Sur le papier, le film présente un sujet intéressant, notamment par rapport à la récente recrudescence des mouvements d’extrême droite en Allemagne. Malheureusement, le propos est desservi par un scénario en roue libre, répétitif, brouillon, se complaisant presque dans sa représentation de la violence, qu’elle soit sociale, sexuelle, ou « raciale » au sens social-culturel du terme. L’effet choc (fondamental pour une oeuvre présentée, un peu superficiellement, comme un « film choc ») s’estompe progressivement au profit de l’ennui, voire à l’incompréhension. Trop long et pas assez travaillé. Dommage.
Adoration (Fabrice du Welz, 2020)
Fabrice du Welz présentait en avant-première son nouveau film avec Thomas Gioria et Benoit Poelvoorde.
> > > Lire notre critique du film (spoiler : c’est génial)
Cut off (Christian Alvart, 2018)
Cut off est un thriller réalisé par l’allemand Christian Alvart. Le pitch : lors d’une autopsie, un médecin légiste découvre une capsule contenant le numéro de téléphone de sa propre fille. Tentant de la joindre, il découvre que celle-ci est séquestrée (et violée) par un psychopathe. Il n’a alors pas d’autre choix que d’accepter le jeu de piste qu’on lui propose, afin de retrouver son enfant.
Le film présente plusieurs bonnes idées de cinéma (notamment l’autopsie réalisée par téléphone), mais présente une trop grande ambition scénaristique. Dès lors, les nombreux flashbacks et autres sous-intrigues brouillent la narration en même temps qu’elles rallongent considérablement la durée du film. C’est pas déplaisant (on retrouve la tension et le glauque des Enquêtes du département V par exemple), mais interminable et parfois répétitif. Un bon coup de ciseau n’aurait pas fait de mal.
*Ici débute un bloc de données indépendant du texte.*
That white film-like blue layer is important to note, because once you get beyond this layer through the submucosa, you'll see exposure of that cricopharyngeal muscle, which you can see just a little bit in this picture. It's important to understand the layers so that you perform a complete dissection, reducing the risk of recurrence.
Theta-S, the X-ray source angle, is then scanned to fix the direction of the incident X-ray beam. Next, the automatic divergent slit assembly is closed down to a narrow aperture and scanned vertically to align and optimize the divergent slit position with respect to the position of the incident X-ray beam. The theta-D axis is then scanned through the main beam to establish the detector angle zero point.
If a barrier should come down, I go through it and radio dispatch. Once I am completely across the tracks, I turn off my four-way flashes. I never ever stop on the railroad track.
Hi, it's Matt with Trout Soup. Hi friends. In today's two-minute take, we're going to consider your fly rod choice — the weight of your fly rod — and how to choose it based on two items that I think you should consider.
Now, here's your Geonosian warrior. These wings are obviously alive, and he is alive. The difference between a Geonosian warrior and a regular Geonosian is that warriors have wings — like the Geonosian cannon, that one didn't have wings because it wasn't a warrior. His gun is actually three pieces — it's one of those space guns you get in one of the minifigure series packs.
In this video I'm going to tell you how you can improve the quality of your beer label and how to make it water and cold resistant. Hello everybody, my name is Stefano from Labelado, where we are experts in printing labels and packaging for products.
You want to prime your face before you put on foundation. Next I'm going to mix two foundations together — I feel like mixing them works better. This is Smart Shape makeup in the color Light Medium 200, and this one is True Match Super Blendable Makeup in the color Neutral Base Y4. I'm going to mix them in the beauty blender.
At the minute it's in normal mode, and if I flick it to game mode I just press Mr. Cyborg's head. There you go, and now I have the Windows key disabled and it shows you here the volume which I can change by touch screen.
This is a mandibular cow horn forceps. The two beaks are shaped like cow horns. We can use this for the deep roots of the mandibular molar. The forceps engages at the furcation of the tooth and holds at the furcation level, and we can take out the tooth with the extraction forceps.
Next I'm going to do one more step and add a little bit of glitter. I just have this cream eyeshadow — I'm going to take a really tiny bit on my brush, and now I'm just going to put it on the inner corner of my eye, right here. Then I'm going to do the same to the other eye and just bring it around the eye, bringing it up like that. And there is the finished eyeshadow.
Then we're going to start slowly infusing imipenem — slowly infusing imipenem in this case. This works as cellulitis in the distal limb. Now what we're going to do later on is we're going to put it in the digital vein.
J’attendais avec impatience ce premier long-métrage de l’américaine Jennifer Reeder, réalisatrice de plusieurs courts traitant de l’adolescence et du « Women’s empowerment ». Knives and Skin raconte l’histoire de la disparition d’une jeune adolescente, Carolyn Harper, dévastant les membres d’une petite ville de l’Illinois. Face à des adultes névrosés et à des garçons égoïstes et violents, les adolescentes du lycée se serrent les coudes.
Je ne m’attarderai pas trop sur ce film, car je suis resté complètement en dehors, en dépit de ses intentions, parfaitement louables. Je trouve que Knives and Skin n’apporte pas grand chose en plus à l’oeuvre de Reeder, voire même qu’il fait office de redite (plusieurs idées de son court-métrage Blood Below the Skin sont reprises plan par plan). L’intrigue principale (la disparition de Carolyn) donne également une impression de déjà-vu (Twin Peaks de David Lynch : la disparition d’une adolescente révélant les névroses d’une petite communauté américaine). Il en va de même des effets de mise en scène (lumières magenta, fondus enchaînés, surimpressions, musique abondante), qui rappellent eux aussi le cinéma de Lynch. Je pense enfin que le film n’arrive pas vraiment à trouver son ton, entre le drame, l’horreur et la pure comédie, rendant le tout hétérogène et poussif. Le film a d’indéniables qualités iconographiques, mais peine, selon moi, a réellement raconter quelque chose, au-delà de ses intentions (que ce soit en termes de discours que de mise en scène).
Mais ne vous attardez pas sur mon avis, et lisez plutôt la critique d’Amandine, plus réceptive à la proposition de Reeder, prochainement disponible sur Le Bleu du Miroir.
Jour 5 : Dimanche 8 septembre
Paradise Hills (Alice Waddington, 2019)
On commence cette cinquième journée avec la projection de Paradise Hills (section Nouveaux Talents), premier long-métrage de la cinéaste espagnole Alice Waddington. Le film raconte l’histoire d’Uma (Emma Roberts), une jeune femme « de bonne famille », qui doit, contre son gré, se marier avec un grand favori. Hostile à ce destin tout tracé, elle est alors envoyée sur une île étrange, en apparence idyllique, où on la « prépare », en compagnie d’autres jeunes femmes, à la vie qui lui est destinée.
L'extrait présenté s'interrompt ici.